## What needs to be done
The line containing "3217 Nottingham Way" marks the end: copy exactly every line from the start of the records below up to and including it, leaving out pictures.

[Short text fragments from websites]
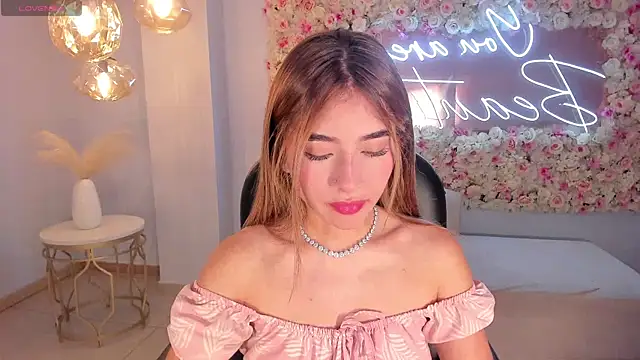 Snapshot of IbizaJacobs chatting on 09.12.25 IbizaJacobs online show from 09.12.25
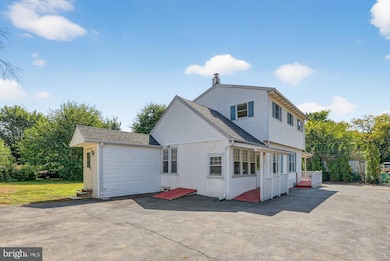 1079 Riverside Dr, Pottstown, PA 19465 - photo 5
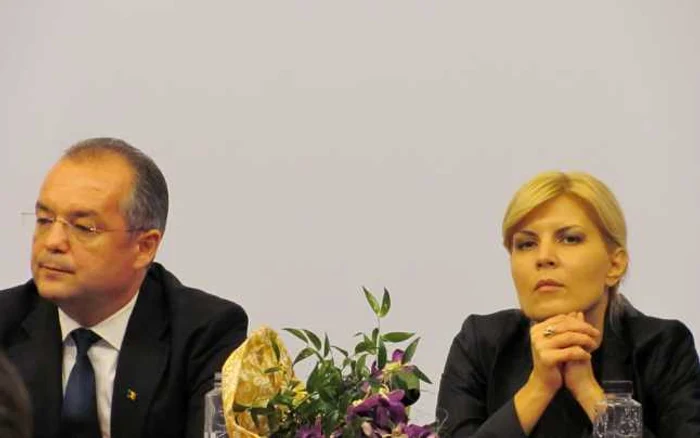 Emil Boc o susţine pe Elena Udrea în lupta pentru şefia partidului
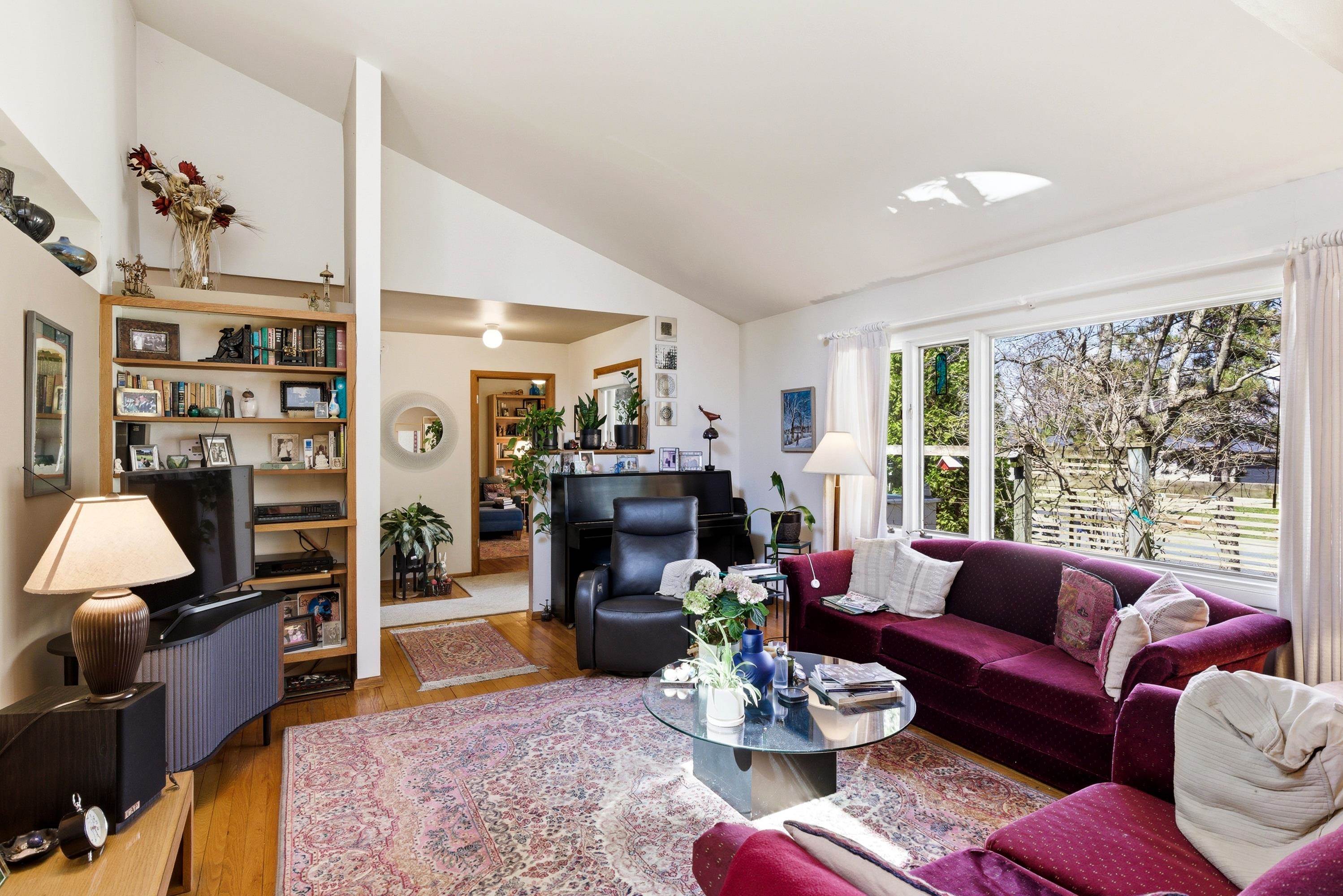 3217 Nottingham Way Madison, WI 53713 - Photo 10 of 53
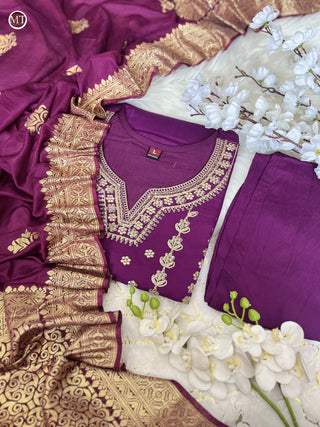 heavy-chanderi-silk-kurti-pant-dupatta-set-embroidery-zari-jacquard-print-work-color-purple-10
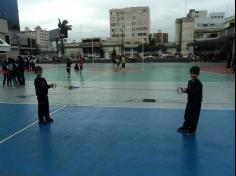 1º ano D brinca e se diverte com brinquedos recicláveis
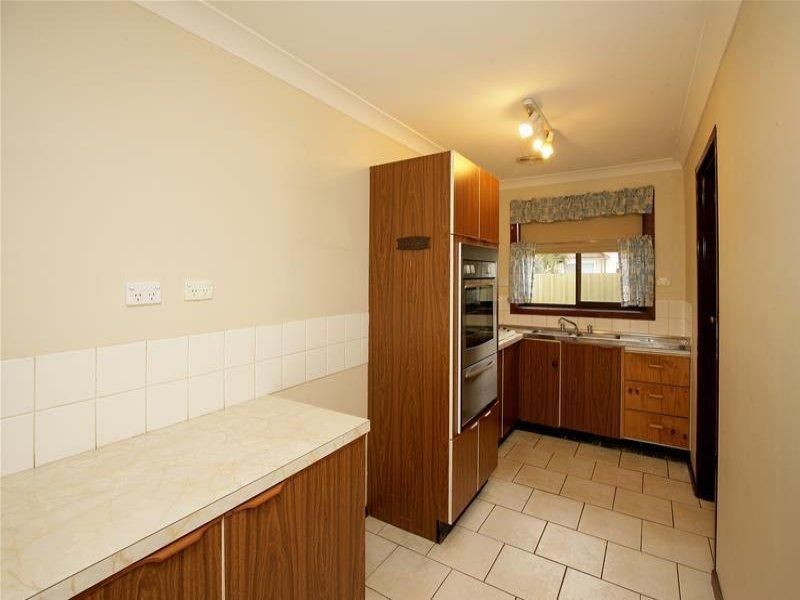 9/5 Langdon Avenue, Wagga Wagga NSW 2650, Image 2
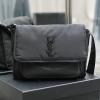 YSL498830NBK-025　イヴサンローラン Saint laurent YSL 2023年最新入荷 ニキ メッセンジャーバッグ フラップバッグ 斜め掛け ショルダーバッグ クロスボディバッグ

## The answer
 Snapshot of IbizaJacobs chatting on 09.12.25 IbizaJacobs online show from 09.12.25
 1079 Riverside Dr, Pottstown, PA 19465 - photo 5
 Emil Boc o susţine pe Elena Udrea în lupta pentru şefia partidului
 3217 Nottingham Way Madison, WI 53713 - Photo 10 of 53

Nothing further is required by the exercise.